What needs to be done>
Word for word, retype the entire listing.

Records for the exercise>
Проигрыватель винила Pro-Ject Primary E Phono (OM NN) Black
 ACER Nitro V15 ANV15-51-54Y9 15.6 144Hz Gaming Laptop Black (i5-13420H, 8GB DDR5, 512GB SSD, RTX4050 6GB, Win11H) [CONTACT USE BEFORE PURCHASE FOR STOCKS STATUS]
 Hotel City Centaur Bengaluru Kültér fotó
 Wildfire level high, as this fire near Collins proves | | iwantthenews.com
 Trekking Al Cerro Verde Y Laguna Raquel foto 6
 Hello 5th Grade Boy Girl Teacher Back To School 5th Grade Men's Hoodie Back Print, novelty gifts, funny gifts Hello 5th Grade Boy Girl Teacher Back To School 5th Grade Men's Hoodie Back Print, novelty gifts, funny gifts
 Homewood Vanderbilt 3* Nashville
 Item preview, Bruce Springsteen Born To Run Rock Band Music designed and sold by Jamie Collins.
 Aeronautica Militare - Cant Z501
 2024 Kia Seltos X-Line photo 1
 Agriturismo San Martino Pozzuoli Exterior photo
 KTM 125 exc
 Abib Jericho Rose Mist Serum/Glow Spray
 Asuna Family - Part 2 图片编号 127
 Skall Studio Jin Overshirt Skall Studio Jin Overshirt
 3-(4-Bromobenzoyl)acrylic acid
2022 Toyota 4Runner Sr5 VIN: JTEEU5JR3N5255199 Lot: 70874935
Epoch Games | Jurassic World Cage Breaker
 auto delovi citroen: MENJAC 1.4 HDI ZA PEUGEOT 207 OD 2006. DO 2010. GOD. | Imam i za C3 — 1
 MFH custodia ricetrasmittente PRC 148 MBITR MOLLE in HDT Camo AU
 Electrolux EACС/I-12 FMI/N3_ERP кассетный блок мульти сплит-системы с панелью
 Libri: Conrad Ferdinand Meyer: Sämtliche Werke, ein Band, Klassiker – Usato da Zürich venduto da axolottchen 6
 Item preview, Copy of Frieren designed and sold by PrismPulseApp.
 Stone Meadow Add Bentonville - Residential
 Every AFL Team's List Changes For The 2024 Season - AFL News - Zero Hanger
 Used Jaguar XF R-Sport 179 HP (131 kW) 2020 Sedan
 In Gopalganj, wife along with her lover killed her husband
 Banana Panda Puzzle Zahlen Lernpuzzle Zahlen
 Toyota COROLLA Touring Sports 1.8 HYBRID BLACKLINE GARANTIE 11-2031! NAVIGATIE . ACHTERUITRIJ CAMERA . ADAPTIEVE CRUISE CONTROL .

The answer>
Проигрыватель винила Pro-Ject Primary E Phono (OM NN) Black
 ACER Nitro V15 ANV15-51-54Y9 15.6 144Hz Gaming Laptop Black (i5-13420H, 8GB DDR5, 512GB SSD, RTX4050 6GB, Win11H) [CONTACT USE BEFORE PURCHASE FOR STOCKS STATUS]
 Hotel City Centaur Bengaluru Kültér fotó
 Wildfire level high, as this fire near Collins proves | | iwantthenews.com
 Trekking Al Cerro Verde Y Laguna Raquel foto 6
 Hello 5th Grade Boy Girl Teacher Back To School 5th Grade Men's Hoodie Back Print, novelty gifts, funny gifts Hello 5th Grade Boy Girl Teacher Back To School 5th Grade Men's Hoodie Back Print, novelty gifts, funny gifts
 Homewood Vanderbilt 3* Nashville
 Item preview, Bruce Springsteen Born To Run Rock Band Music designed and sold by Jamie Collins.
 Aeronautica Militare - Cant Z501
 2024 Kia Seltos X-Line photo 1
 Agriturismo San Martino Pozzuoli Exterior photo
 KTM 125 exc
 Abib Jericho Rose Mist Serum/Glow Spray
 Asuna Family - Part 2 图片编号 127
 Skall Studio Jin Overshirt Skall Studio Jin Overshirt
 3-(4-Bromobenzoyl)acrylic acid
2022 Toyota 4Runner Sr5 VIN: JTEEU5JR3N5255199 Lot: 70874935
Epoch Games | Jurassic World Cage Breaker
 auto delovi citroen: MENJAC 1.4 HDI ZA PEUGEOT 207 OD 2006. DO 2010. GOD. | Imam i za C3 — 1
 MFH custodia ricetrasmittente PRC 148 MBITR MOLLE in HDT Camo AU
 Electrolux EACС/I-12 FMI/N3_ERP кассетный блок мульти сплит-системы с панелью
 Libri: Conrad Ferdinand Meyer: Sämtliche Werke, ein Band, Klassiker – Usato da Zürich venduto da axolottchen 6
 Item preview, Copy of Frieren designed and sold by PrismPulseApp.
 Stone Meadow Add Bentonville - Residential
 Every AFL Team's List Changes For The 2024 Season - AFL News - Zero Hanger
 Used Jaguar XF R-Sport 179 HP (131 kW) 2020 Sedan
 In Gopalganj, wife along with her lover killed her husband
 Banana Panda Puzzle Zahlen Lernpuzzle Zahlen
 Toyota COROLLA Touring Sports 1.8 HYBRID BLACKLINE GARANTIE 11-2031! NAVIGATIE . ACHTERUITRIJ CAMERA . ADAPTIEVE CRUISE CONTROL .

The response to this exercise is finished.